### GIVEN INFORMATION

- - - - -

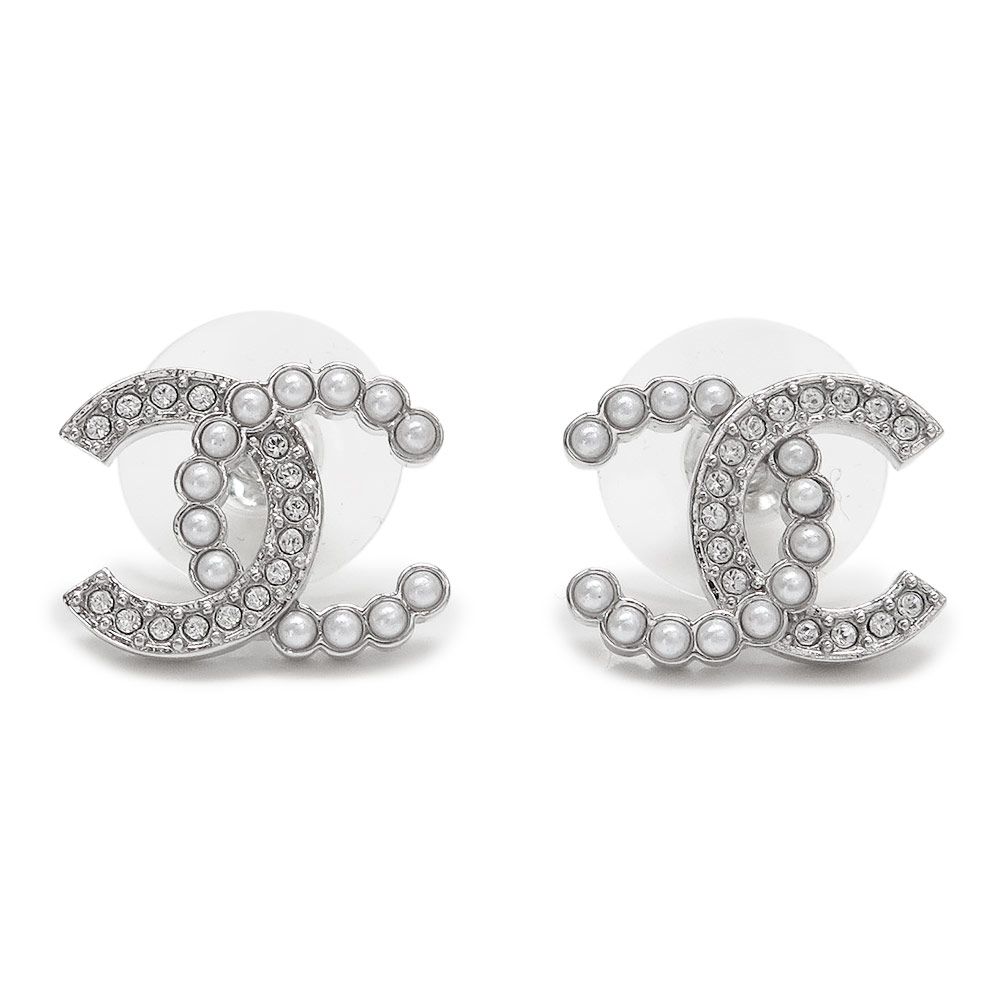 シャネル ピアス レディース スタッドピアス アクセサリー ココ
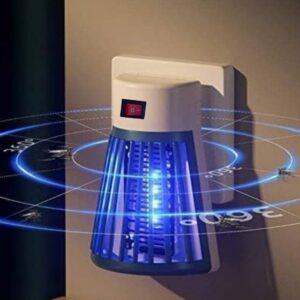 Electric Mosquito Killer Lamp with UV Light | Safe & Chemical Free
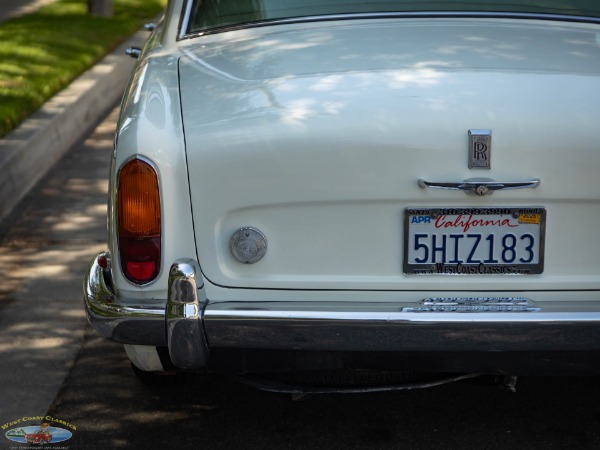 Used 1969 Rolls-Royce Silver Shadow II 4 Door Sedan | Torrance, CA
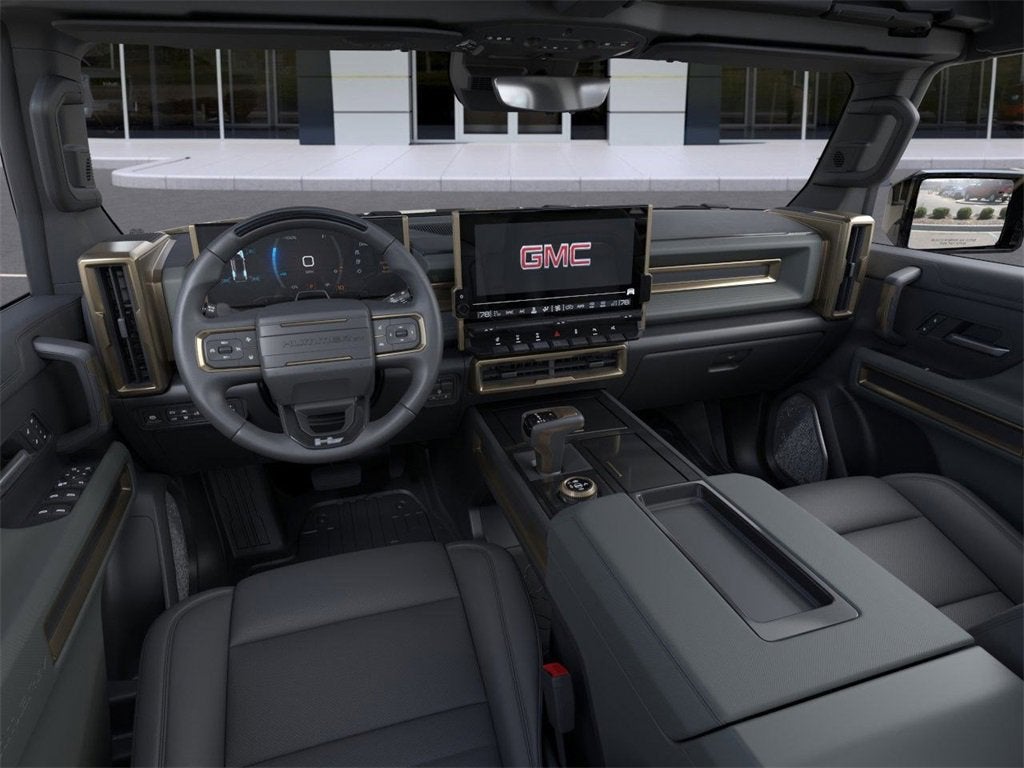 2025 GMC HUMMER EV Pickup 2X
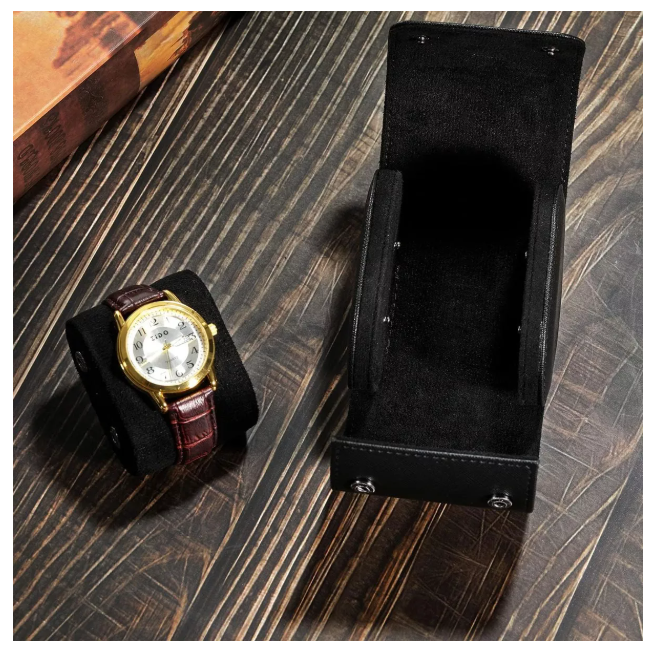 Foto 6 pulgar | Estuche Xtellar Negra para Reloj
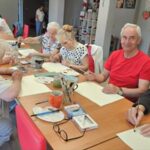 warsztaty artystyczne dla Seniorów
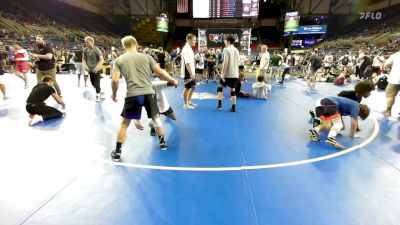 138 lbs Rnd Of 256 - Adam St. Cyr, ME vs Jt Schneider, CT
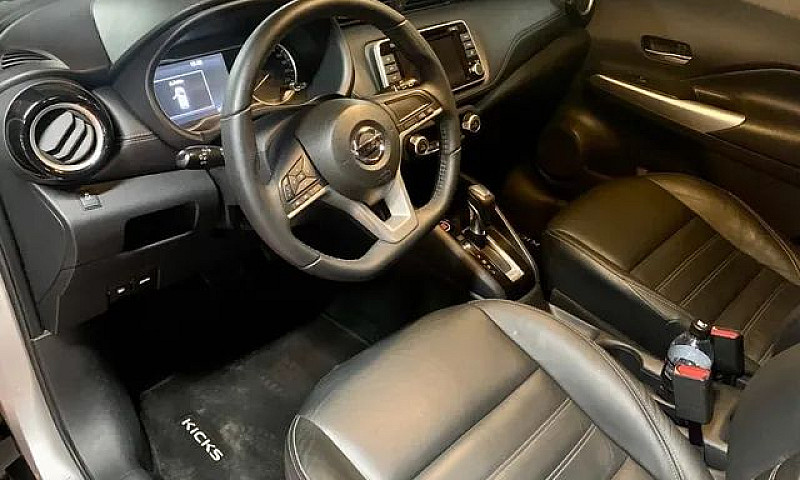 Nissan Kicks Kicks S...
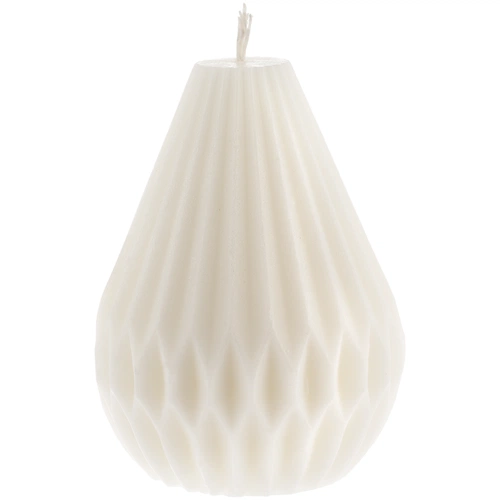 Свеча Pearfect, белая Свеча Pearfect, белая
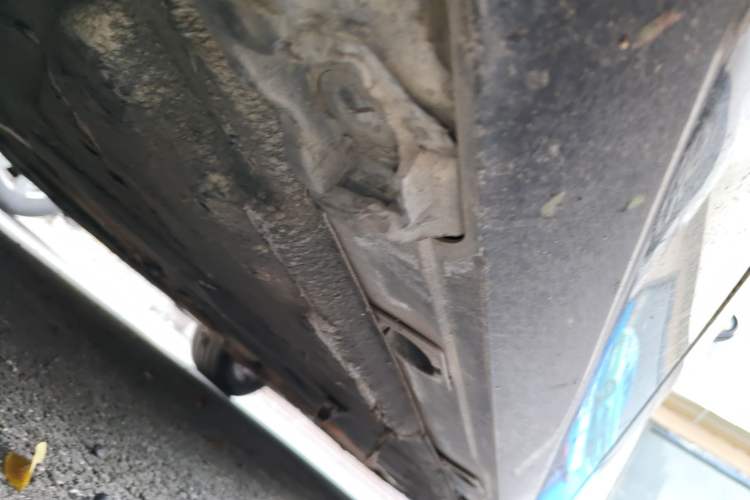 Used Mercedes-Benz S-Class 2008 S 350 L Luxury Model Chassis Rear Right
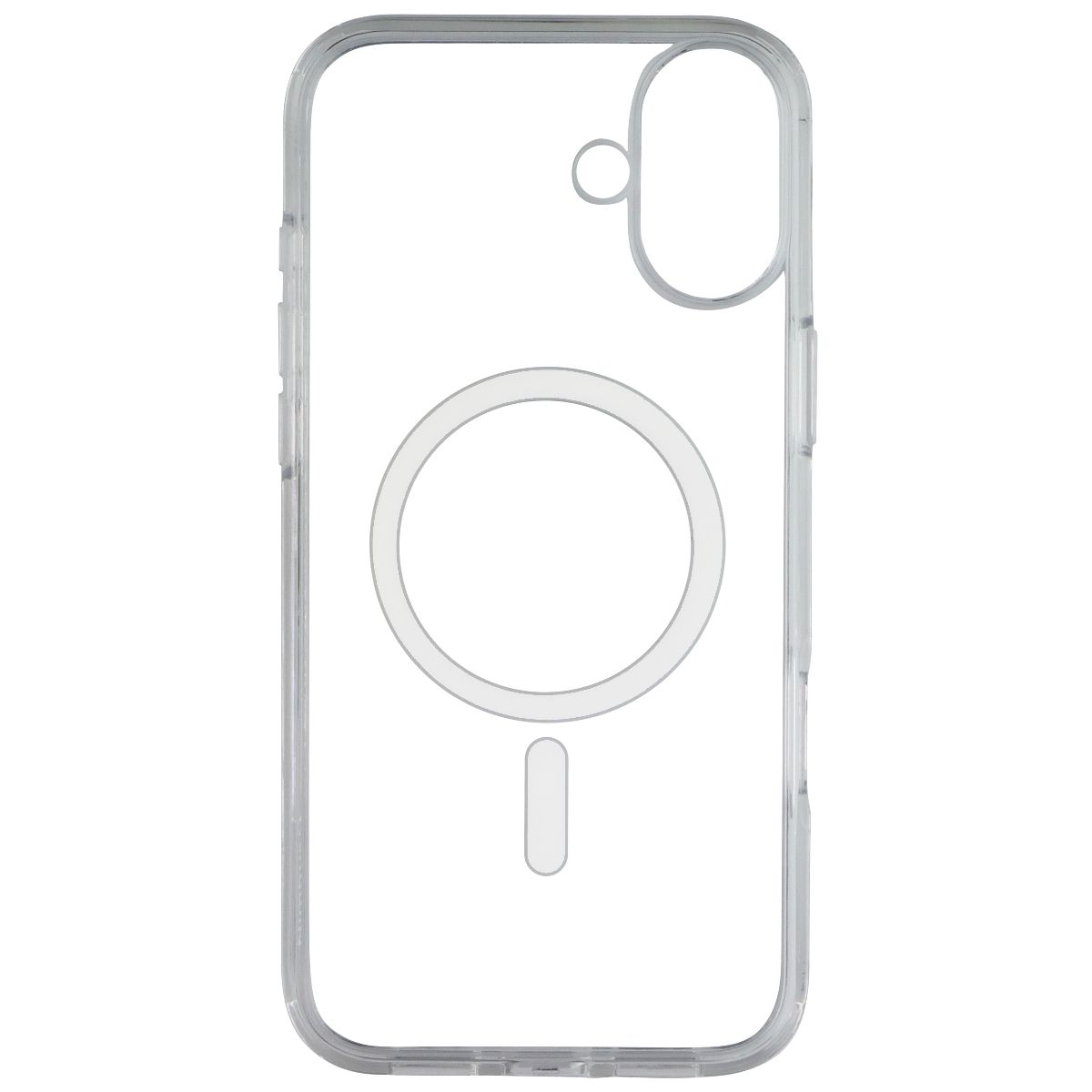 Nimbus9 Vantage Series Case for MagSafe for Apple iPhone 16 Plus - Clear - New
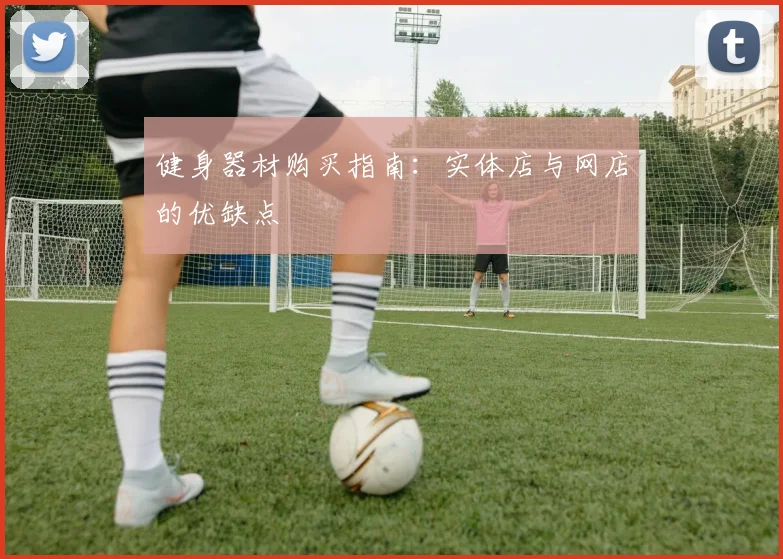 健身器材购买指南：实体店与网店的优缺点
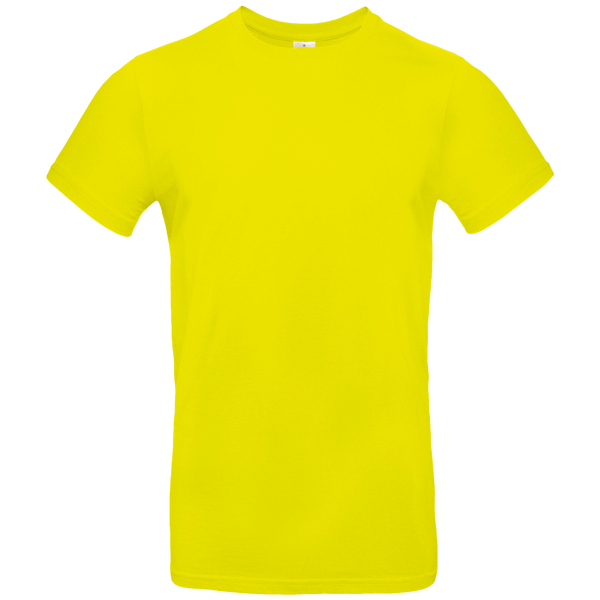 Personalisierbares B&c 190 T-Shirt Auf Tunetoo Pixel Lime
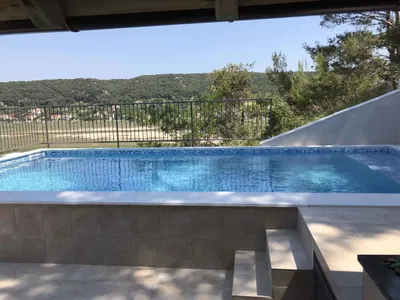 Ferienwohnung für 6 Personen (65 m²) in Supetarska Draga 3/10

- - - - -

### EXERCISE BRIEF
Please set down only the lines from the first line of the records above through the line that has "Foto 6 pulgar", exactly, and not the pictures.

### EXERCISE ANSWER
 シャネル ピアス レディース スタッドピアス アクセサリー ココ
 Electric Mosquito Killer Lamp with UV Light | Safe & Chemical Free
 Used 1969 Rolls-Royce Silver Shadow II 4 Door Sedan | Torrance, CA
 2025 GMC HUMMER EV Pickup 2X
 Foto 6 pulgar | Estuche Xtellar Negra para Reloj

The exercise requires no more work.